Saturday, August 4 – Around 20 years ago Bruce and I were driving in South Carolina and we decided to turn off Interstate 95 to look at a defunct race track. It was in Dillon, South Carolina and it was a dirt track that had been closed for years. You could still see exactly where it was and we commented that it was a shame we never saw a race there, you should never say never. The Dillon Motor Speedway reopened a few years ago, albeit asphalt now and we got to see racing here on the final day of our Southern vacation. It was another very hot day and we did not have a whole lot to do in the area. We were not going to South of the Border and I do not care what Pedro says. We decided after running out of things to do that we would pull into the parking lot and try to find some shade and do some reading until it was race time. Race time was 7:30 but practice started at 4:00. I could never understand why when running dirt you have warm-ups and you have a few laps in which to dial in your car. On asphalt it is called practice and it takes multiple sessions to do the same thing. I realize you could not run that many laps on dirt or it would certainly take its toll on the surface. What I do not understand is why you need all the practice on asphalt. It seems you are spending a lot of money on fuel unnecessarily.
We ventured into the stands around 7:00 and the crowd was sparse. The top several rows of the grandstand, which was built on the side of the hill, had chair seats and the bottom rows were simple cement. There was a minor incident with some ants crawling all around the area we were sitting in and at 7:40 the first event was on the track. Time trials were run earlier and only features and a trophy dash were on the card. It started with a 5 lap trophy dash for the mini cup cars and it was won by female driver, Jessica Poland.
The first feature was for the 7 street stocks and they ran 25 laps with only 1 caution. AJ Hyatt took the win followed by Tommy Poole. Next feature was the mini cups and they had 9 cars participate in the 25 lap event. This was a competitive event with eventual winner Chris Conner passing Bill Willis on lap 19 to go on to win. Willis hung on for second. The chargers were 8 cars strong and this race was the most competitive of the night. For the majority of the non-stop race you could have thrown a table cloth over the front 4 runners. The lead changed hands several times during the final laps with Mike Watts coming home the victor over Brian Owens.

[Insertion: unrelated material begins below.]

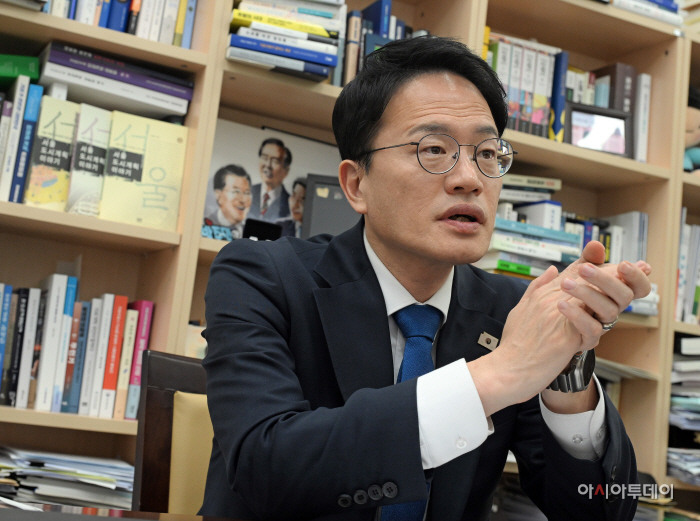 박주민 더불어민주당 서울시장 예비후보 인터뷰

It was 8:45 and intermission time. They ran some Redneck Olympics games on the homestretch with the fans participating and by 9:00 the main event was on the track. At 9:05 the main division, late models, took the green on their 50 lap event and there were 10 cars in competition. Like many times the main division has the most cautions and there were 4 during the event. On lap 40 Justin Hicks, who was involved in a lap one incident, took the lead and held on for the win over Archie Adams Jr. and Jason Clark. There was one more event for the Ucars but we chose to hit the road. This event did have 6 cars and was won by Mark Dean.
All and all it was a very nice track that was kept very neat. Bruce indicated the men’s room was immaculate. We each had a fried bologna sandwich that was much thicker than Bowman Gray and cost $2 less. Unfortunately like many tracks in the south the car counts were low, although I did not hear any of the fans that were there complain about the number of cars in each division. Sometimes I think we are really spoiled here in the Northeast. The total car count for the five divisions was 40. That is less cars then competes in the small block modified division at Grandview Speedway every Saturday night. We do not consider it a full field unless there are 24 cars in competition in one division. Yes, sometimes we do not realize how lucky we are.